- [Problem details] With both ends included, transcribe exactly the records below from their first line to the line that contains "Modern living room with sleek".

- [Data records]

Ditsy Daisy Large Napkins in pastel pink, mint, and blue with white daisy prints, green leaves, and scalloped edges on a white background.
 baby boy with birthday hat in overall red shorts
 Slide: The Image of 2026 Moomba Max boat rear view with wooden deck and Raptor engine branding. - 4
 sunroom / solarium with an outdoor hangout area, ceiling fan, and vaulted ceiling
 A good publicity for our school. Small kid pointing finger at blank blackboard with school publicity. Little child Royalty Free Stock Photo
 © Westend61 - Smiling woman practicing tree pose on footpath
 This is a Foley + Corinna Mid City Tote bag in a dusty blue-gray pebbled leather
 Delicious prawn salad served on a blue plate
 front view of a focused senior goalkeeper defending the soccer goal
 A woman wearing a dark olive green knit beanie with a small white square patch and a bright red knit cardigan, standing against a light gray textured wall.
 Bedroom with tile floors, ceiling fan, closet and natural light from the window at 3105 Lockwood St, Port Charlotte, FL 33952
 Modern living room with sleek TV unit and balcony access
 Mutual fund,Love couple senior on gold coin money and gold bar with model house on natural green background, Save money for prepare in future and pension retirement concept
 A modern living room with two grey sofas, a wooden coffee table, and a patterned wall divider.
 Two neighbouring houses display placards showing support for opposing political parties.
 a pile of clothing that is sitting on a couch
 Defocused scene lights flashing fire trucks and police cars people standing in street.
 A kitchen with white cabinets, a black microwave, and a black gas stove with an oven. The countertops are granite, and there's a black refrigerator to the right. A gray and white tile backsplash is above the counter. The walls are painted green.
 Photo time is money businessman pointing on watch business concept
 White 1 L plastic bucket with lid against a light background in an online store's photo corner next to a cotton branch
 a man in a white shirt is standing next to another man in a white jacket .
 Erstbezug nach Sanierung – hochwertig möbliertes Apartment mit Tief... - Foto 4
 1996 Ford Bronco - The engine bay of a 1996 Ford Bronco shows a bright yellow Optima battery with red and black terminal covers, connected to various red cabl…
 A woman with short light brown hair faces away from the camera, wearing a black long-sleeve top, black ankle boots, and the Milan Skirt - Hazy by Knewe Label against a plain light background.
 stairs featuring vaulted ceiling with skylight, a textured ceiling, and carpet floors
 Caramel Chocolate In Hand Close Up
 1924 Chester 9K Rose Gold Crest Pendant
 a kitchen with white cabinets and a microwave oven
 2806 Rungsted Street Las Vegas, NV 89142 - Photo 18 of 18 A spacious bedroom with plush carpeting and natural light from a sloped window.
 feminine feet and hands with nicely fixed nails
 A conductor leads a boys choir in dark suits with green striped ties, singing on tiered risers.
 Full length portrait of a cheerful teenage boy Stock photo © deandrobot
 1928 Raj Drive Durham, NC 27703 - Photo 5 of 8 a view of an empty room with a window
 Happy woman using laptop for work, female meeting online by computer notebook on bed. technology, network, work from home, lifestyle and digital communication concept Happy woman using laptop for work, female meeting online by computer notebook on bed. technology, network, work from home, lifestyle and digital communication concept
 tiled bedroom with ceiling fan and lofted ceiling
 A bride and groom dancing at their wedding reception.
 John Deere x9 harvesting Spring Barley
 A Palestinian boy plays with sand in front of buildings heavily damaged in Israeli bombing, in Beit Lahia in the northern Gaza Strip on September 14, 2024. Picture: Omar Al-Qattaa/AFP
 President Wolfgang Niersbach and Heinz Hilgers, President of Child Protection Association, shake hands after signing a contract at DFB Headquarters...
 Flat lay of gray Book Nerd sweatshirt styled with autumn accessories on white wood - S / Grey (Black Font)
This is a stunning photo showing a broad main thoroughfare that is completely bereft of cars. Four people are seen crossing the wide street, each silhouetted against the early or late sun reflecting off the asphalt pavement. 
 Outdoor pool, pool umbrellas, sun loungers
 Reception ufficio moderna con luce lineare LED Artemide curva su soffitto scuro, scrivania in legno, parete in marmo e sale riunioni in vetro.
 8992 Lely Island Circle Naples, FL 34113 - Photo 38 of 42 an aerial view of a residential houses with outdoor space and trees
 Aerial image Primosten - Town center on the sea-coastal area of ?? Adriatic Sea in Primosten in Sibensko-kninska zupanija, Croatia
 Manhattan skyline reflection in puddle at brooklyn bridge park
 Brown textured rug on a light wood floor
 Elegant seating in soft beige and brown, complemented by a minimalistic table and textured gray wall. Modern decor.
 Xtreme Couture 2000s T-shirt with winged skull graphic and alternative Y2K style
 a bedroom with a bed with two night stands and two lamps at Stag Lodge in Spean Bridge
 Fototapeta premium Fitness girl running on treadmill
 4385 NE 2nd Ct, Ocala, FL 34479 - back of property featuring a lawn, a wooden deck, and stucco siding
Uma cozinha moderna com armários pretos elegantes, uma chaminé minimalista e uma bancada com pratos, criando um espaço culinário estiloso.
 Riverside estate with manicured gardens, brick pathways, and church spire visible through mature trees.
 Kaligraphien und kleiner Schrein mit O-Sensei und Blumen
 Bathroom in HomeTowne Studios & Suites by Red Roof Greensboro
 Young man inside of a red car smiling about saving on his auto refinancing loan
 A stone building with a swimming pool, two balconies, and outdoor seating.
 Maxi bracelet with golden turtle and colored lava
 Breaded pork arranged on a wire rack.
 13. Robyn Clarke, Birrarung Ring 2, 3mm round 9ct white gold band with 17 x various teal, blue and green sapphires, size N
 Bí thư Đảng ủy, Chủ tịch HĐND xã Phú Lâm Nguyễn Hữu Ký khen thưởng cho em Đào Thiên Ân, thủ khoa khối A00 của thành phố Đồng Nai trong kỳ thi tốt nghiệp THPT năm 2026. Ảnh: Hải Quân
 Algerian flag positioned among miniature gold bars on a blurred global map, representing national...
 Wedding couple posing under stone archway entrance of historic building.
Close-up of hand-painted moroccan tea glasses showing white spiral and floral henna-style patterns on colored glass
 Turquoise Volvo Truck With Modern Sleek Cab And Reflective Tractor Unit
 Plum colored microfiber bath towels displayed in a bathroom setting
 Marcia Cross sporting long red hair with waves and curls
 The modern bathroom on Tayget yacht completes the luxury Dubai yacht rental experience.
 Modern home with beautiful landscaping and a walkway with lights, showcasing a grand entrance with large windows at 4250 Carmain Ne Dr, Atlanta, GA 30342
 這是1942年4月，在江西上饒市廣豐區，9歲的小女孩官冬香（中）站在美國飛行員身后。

- [Exercise solution]
Ditsy Daisy Large Napkins in pastel pink, mint, and blue with white daisy prints, green leaves, and scalloped edges on a white background.
 baby boy with birthday hat in overall red shorts
 Slide: The Image of 2026 Moomba Max boat rear view with wooden deck and Raptor engine branding. - 4
 sunroom / solarium with an outdoor hangout area, ceiling fan, and vaulted ceiling
 A good publicity for our school. Small kid pointing finger at blank blackboard with school publicity. Little child Royalty Free Stock Photo
 © Westend61 - Smiling woman practicing tree pose on footpath
 This is a Foley + Corinna Mid City Tote bag in a dusty blue-gray pebbled leather
 Delicious prawn salad served on a blue plate
 front view of a focused senior goalkeeper defending the soccer goal
 A woman wearing a dark olive green knit beanie with a small white square patch and a bright red knit cardigan, standing against a light gray textured wall.
 Bedroom with tile floors, ceiling fan, closet and natural light from the window at 3105 Lockwood St, Port Charlotte, FL 33952
 Modern living room with sleek TV unit and balcony access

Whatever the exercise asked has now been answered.